The Biden administration has put a temporary hold on several major foreign arms sales initiated by former president Donald Trump, with officials saying that includes a massive $23 billion transfer of stealth F-35 fighter jets to the United Arab Emirates.
That sale and several other massive purchases of U.S. weaponry by Gulf Arab countries had been harshly criticized by Democrats in Congress. It also found opposition within Israel following reports that Prime Minister Benjamin Netanyahu gave his secret assent to the sale as part of last year's normalization agreement between Jerusalem and Abu Dhabi.
The U.S. officials did not identify the other sales that had been temporarily halted.
The new administration is reviewing the sales but has not made any determination about whether they will actually go through, the State Department said.
It called the pause "a routine administrative action" that most incoming administrations take with large-scale arms sales.
"The department is temporarily pausing the implementation of some pending U.S. defense transfers and sales under Foreign Military Sales and Direct Commercial Sales to allow incoming leadership an opportunity to review," the department said.
"This is a routine administrative action typical to most any transition, and demonstrates the Administration's commitment to transparency and good governance, as well as ensuring U.S. arms sales meet our strategic objectives of building stronger, interoperable, and more capable security partners," it said.
In its waning months, the Trump administration authorized tens of billions of dollars in new arms sales, including announcing plans to send 50 F-35s to the UAE.
That announcement came shortly after Trump lost the Nov. 6 election to now-President Joe Biden and followed the signing of the Abraham Accords between Israel, Bahrain and the UAE, under which the Arab states agreed to normalize relations with Israel.
Congressional critics have expressed disapproval with such sales, including a major deal with Saudi Arabia, that then-Secretary of State Mike Pompeo pushed through after bypassing lawmakers by declaring an emergency required it.
The critics have alleged the weapons could be used to prosecute Saudi Arabia's war in Yemen, which is the home of one of the world's worst humanitarian crises.
Less than a month after the Nov. 10 UAE sale was announced, an effort to block the deal fell short in the Senate, which failed to halt it.
Senators argued the sale of the defense equipment had unfolded too quickly and with too many questions.

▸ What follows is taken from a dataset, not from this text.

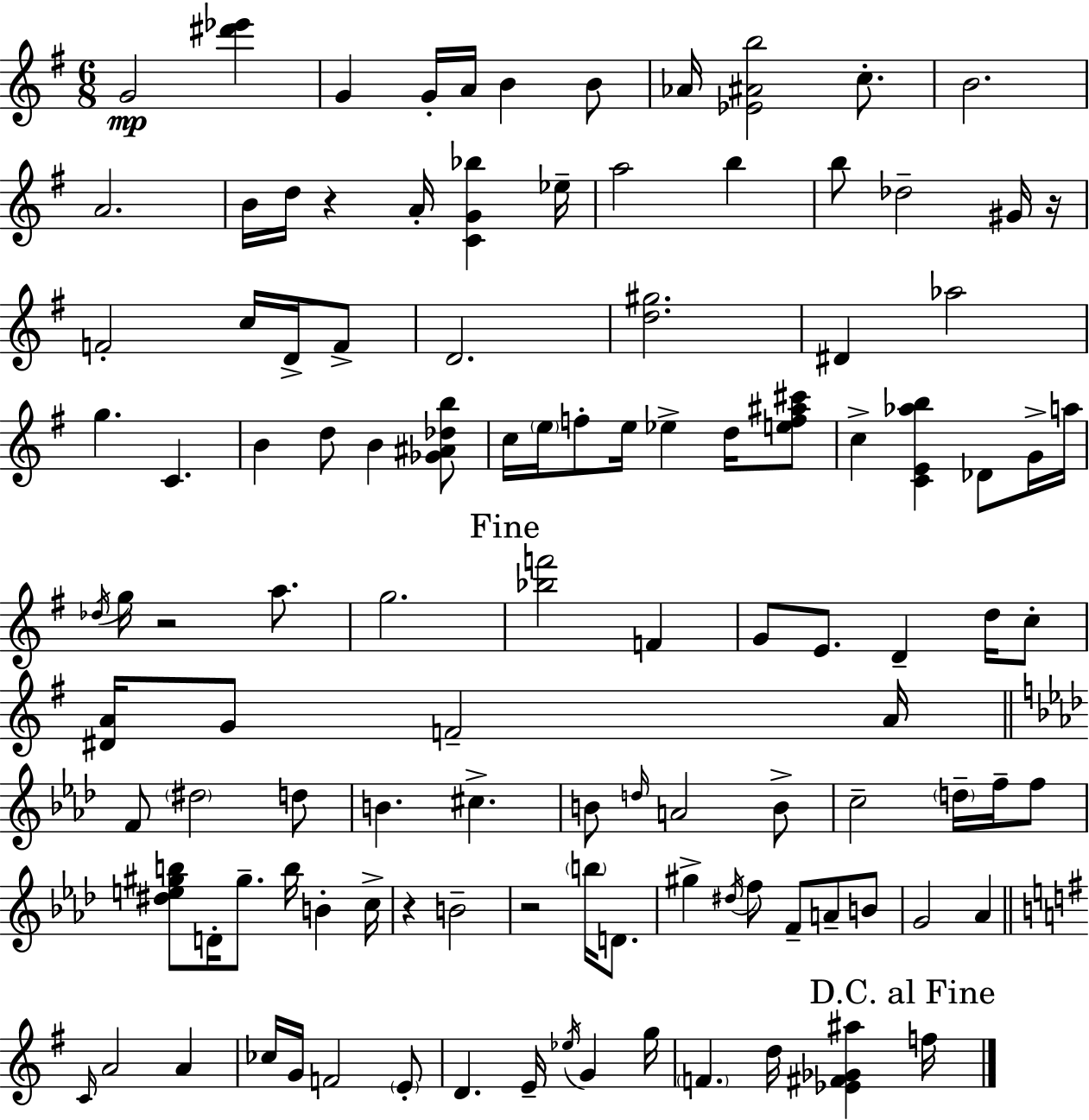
G4/h [D#6,Eb6]/q G4/q G4/s A4/s B4/q B4/e Ab4/s [Eb4,A#4,B5]/h C5/e. B4/h. A4/h. B4/s D5/s R/q A4/s [C4,G4,Bb5]/q Eb5/s A5/h B5/q B5/e Db5/h G#4/s R/s F4/h C5/s D4/s F4/e D4/h. [D5,G#5]/h. D#4/q Ab5/h G5/q. C4/q. B4/q D5/e B4/q [Gb4,A#4,Db5,B5]/e C5/s E5/s F5/e E5/s Eb5/q D5/s [E5,F5,A#5,C#6]/e C5/q [C4,E4,Ab5,B5]/q Db4/e G4/s A5/s Db5/s G5/s R/h A5/e. G5/h. [Bb5,F6]/h F4/q G4/e E4/e. D4/q D5/s C5/e [D#4,A4]/s G4/e F4/h A4/s F4/e D#5/h D5/e B4/q. C#5/q. B4/e D5/s A4/h B4/e C5/h D5/s F5/s F5/e [D#5,E5,G#5,B5]/e D4/s G#5/e. B5/s B4/q C5/s R/q B4/h R/h B5/s D4/e. G#5/q D#5/s F5/e F4/e A4/e B4/e G4/h Ab4/q C4/s A4/h A4/q CES5/s G4/s F4/h E4/e D4/q. E4/s Eb5/s G4/q G5/s F4/q. D5/s [Eb4,F#4,Gb4,A#5]/q F5/s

The administration has billed it as a way to deter Iran, but UAE would have become the first Arab nation - and only the second country in the Middle East, after Israel - to possess the stealth warplanes.
By its own laws, the U.S. must preserve what is known as Israel's qualitative military edge in the Middle East, essentially guaranteeing that the country surrounded by multiple larger enemy states has the advantage in weaponry.
Netanyahu's critics accused him of giving away this key military advantage in order to secure image-friendly agreements with countries that Israel had never fought in a war.